Start of PROVIDED RECORDS

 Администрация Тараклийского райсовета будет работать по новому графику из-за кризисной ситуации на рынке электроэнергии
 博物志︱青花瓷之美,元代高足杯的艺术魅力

End of PROVIDED RECORDS
Start of PROVIDED RECORDS

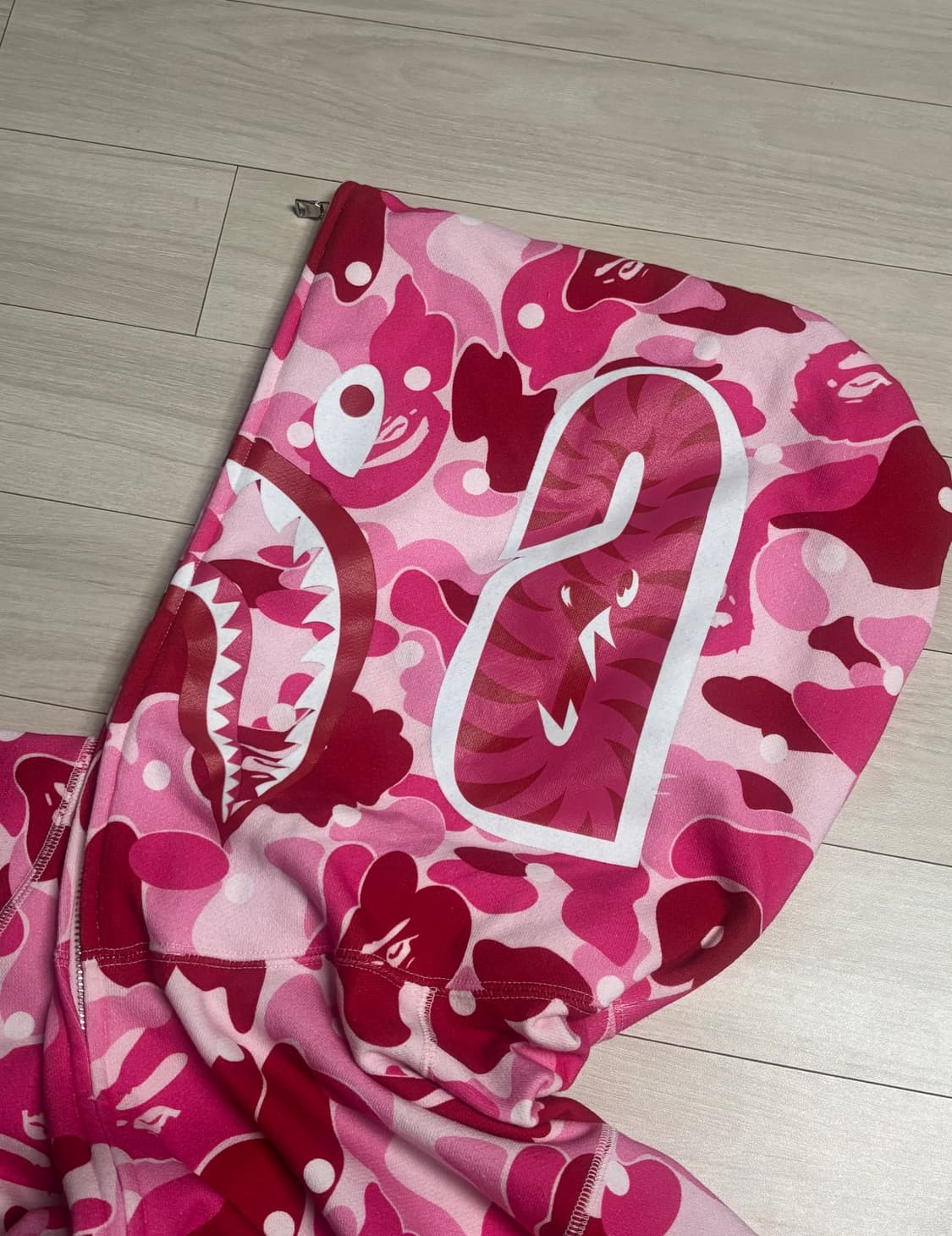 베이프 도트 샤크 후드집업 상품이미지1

End of PROVIDED RECORDS

§ WHAT IS BEING ASKED
Please make an exact copy of the lines above from the line with "Администрация Тараклийского райсовета" through the line with "博物志︱青花瓷之美,元代高足杯的艺术魅力", both ends included.

§ ANSWER TO THIS EXERCISE
 Администрация Тараклийского райсовета будет работать по новому графику из-за кризисной ситуации на рынке электроэнергии
 博物志︱青花瓷之美,元代高足杯的艺术魅力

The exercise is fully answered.